Pattern: Manual Resource Management

cpp
// If resource IDs aren't wired up yet
auto mesh = vde::Mesh::createCube(1.0f);
entity->setMesh(mesh);  // Direct assignment instead of ID binding

Quick Reference

Include Headers

cpp
#include <vde/api/GameAPI.h>  // Everything

// OR specific headers:
#include <vde/api/Game.h>
#include <vde/api/Scene.h>
#include <vde/api/Entity.h>
#include <vde/api/PhysicsEntity.h>
#include <vde/api/SceneGroup.h>

Common Types

cpp
// Spatial types
vde::Position(x, y, z)
vde::Direction(x, y, z)
vde::Rotation(pitch, yaw, roll)
vde::Color(r, g, b, a)

// Type-safe units
vde::Meters distance = 100_m;
vde::Pixels screenWidth = 1920_px;

// Physics types
vde::PhysicsBodyType::Static / Dynamic / Kinematic
vde::PhysicsShape::Box / Circle
vde::PhysicsBodyDef
vde::CollisionEvent

// Multi-scene types
vde::SceneGroup
vde::ViewportRect

Key Input Constants

See API-DOC.md#key-codes for complete list.

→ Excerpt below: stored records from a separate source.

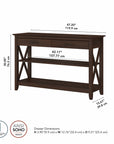 Bush Furniture Key West Console Table with Drawers and Shelves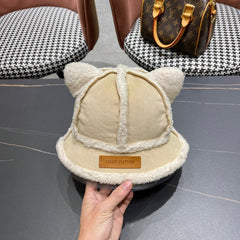 FISHERMAN HAT WITH CUTE CAT EARS IN BEIGE VELVET AND LAMB FUR 414690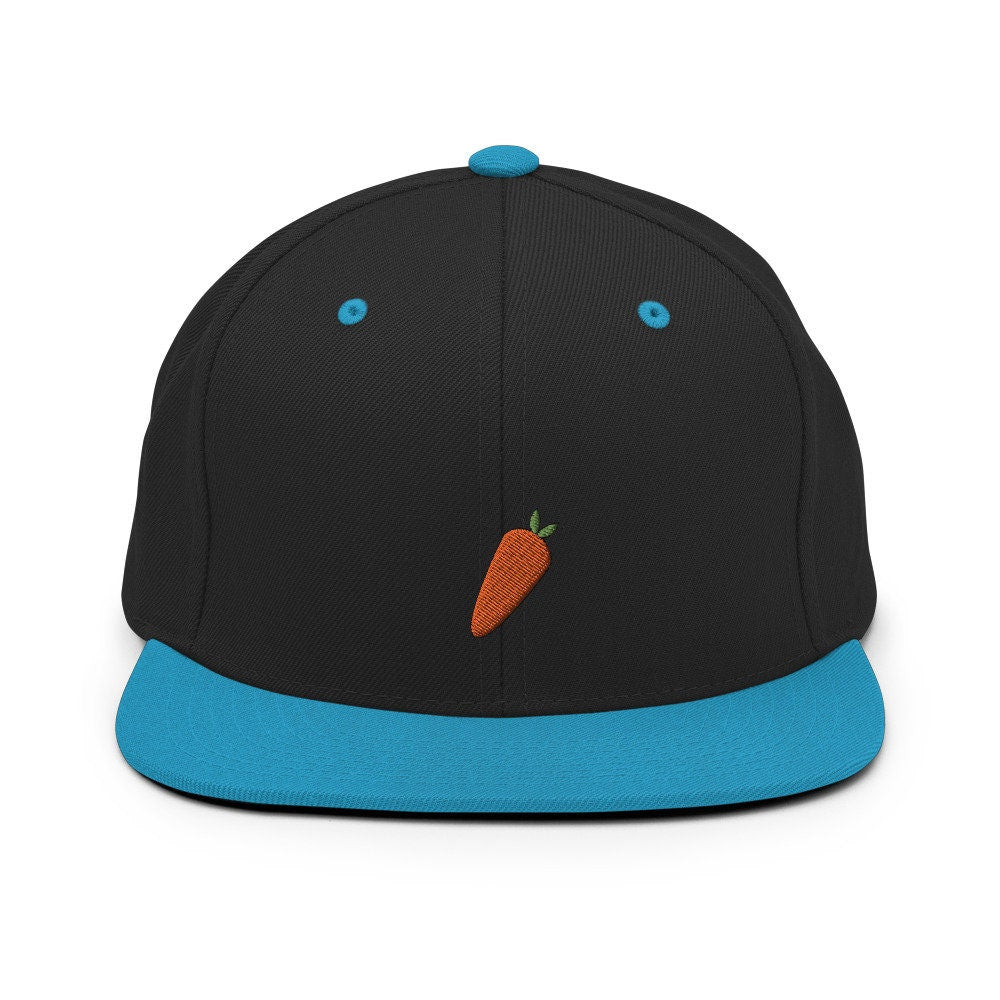 Carrot Embroidered Snapback Hat, Cap Gift, Embroidered Snapback Hat, Flat Bill Snapback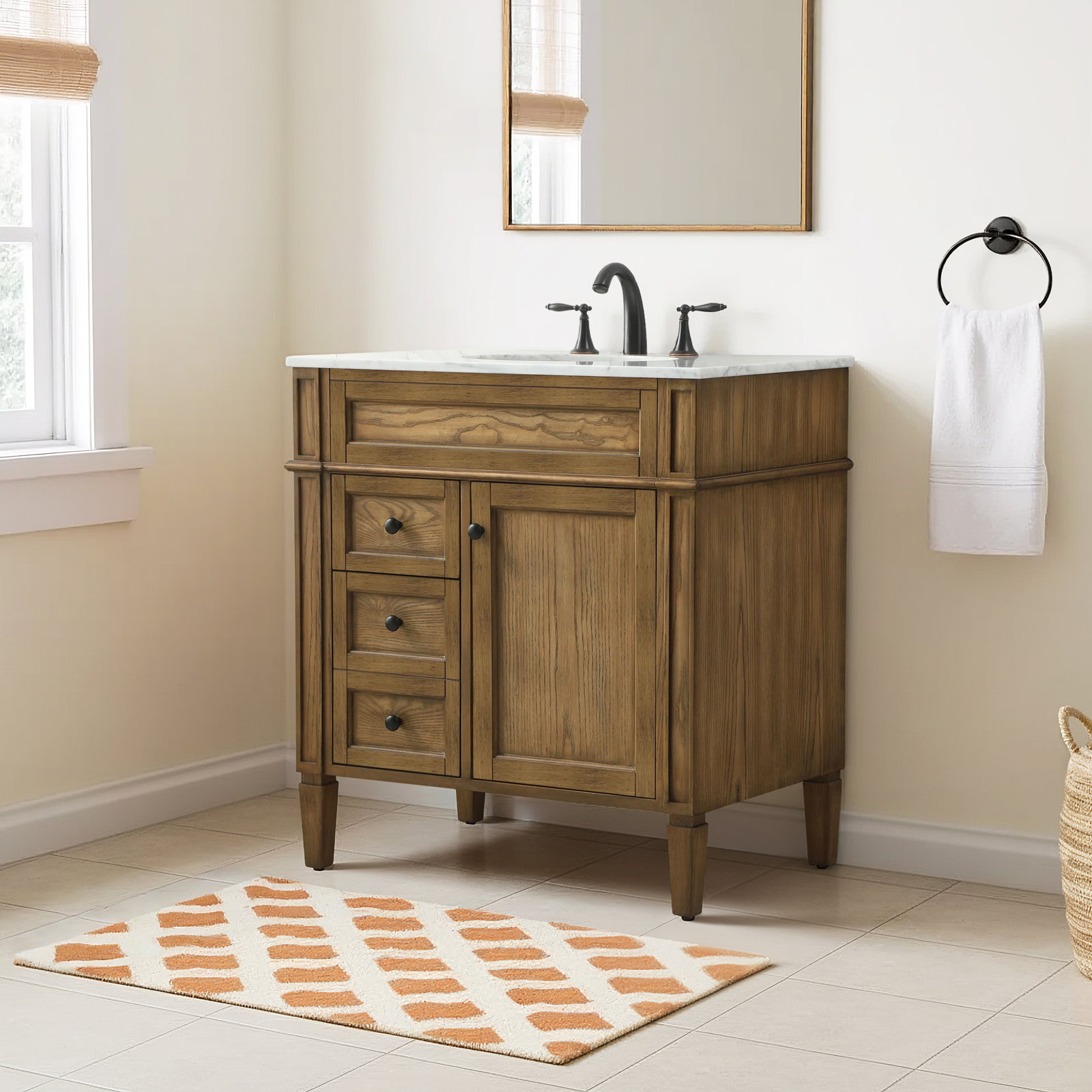 Rivers 32'' Single Bathroom Vanity, Dark Brown
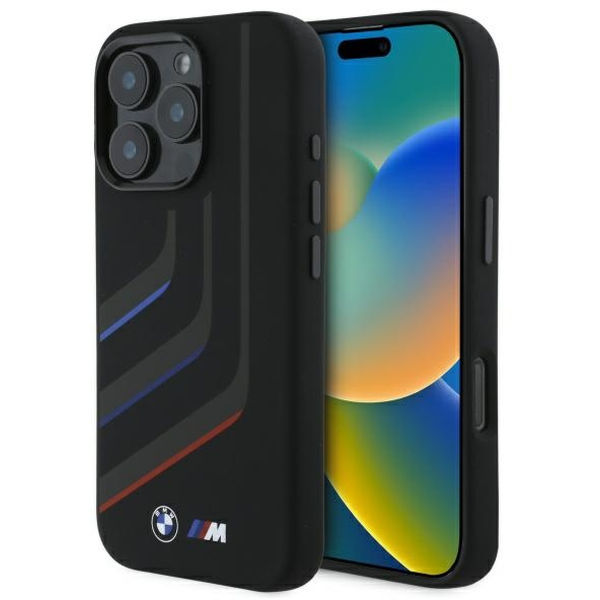 BMW - Hardcase Silicone Turning Lines MagSafe (BMHMP16L23SLIK) - iPhone 16 Pro - Black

Common keys: KEY_SPACE, KEY_ESCAPE, KEY_W/A/S/D, KEY_ARROW
Mouse: MOUSE_BUTTON_LEFT/RIGHT/MIDDLE
Gamepad: GAMEPAD_BUTTON_A/B/X/Y, GAMEPAD_AXIS_LEFT_X/Y

Documentation References

Always check these files for current API capabilities:

Summary

  1. Start with the pattern - Use Game Scene Entity Resource hierarchy
  2. Follow ownership rules - Scene owns entities/resources, use IDs for entities and ResourcePtr for resources
  3. Use ResourceManager - Load resources via game.getResourceManager().load<T>() for global caching
  4. Upload textures to GPU - Call texture->uploadToGPU(context) before using in sprites
  5. Check documentation first - API-DOC.md has comprehensive information
  6. Use existing examples - Look at examples/ folder for patterns
  7. Suggest improvements but deliver - Document API gaps but complete the task
  8. Call base class methods - Always call Scene::update() and Scene::render()
  9. Test thoroughly - Run the application to verify behavior

Key Systems:

  • Input: Keyboard, mouse, gamepad with events and polling
  • Audio: Sound effects and music via AudioManager
  • Cameras: OrbitCamera (3D), SimpleCamera (first-person), Camera2D (2D)
  • Physics: 2D AABB physics with collision, bodies, forces
  • Multi-Scene: Split-screen, viewports, multiple active scenes
  • Lighting: Ambient, directional, point, spot lights

When in doubt, examine the existing examples/ directory for proven patterns.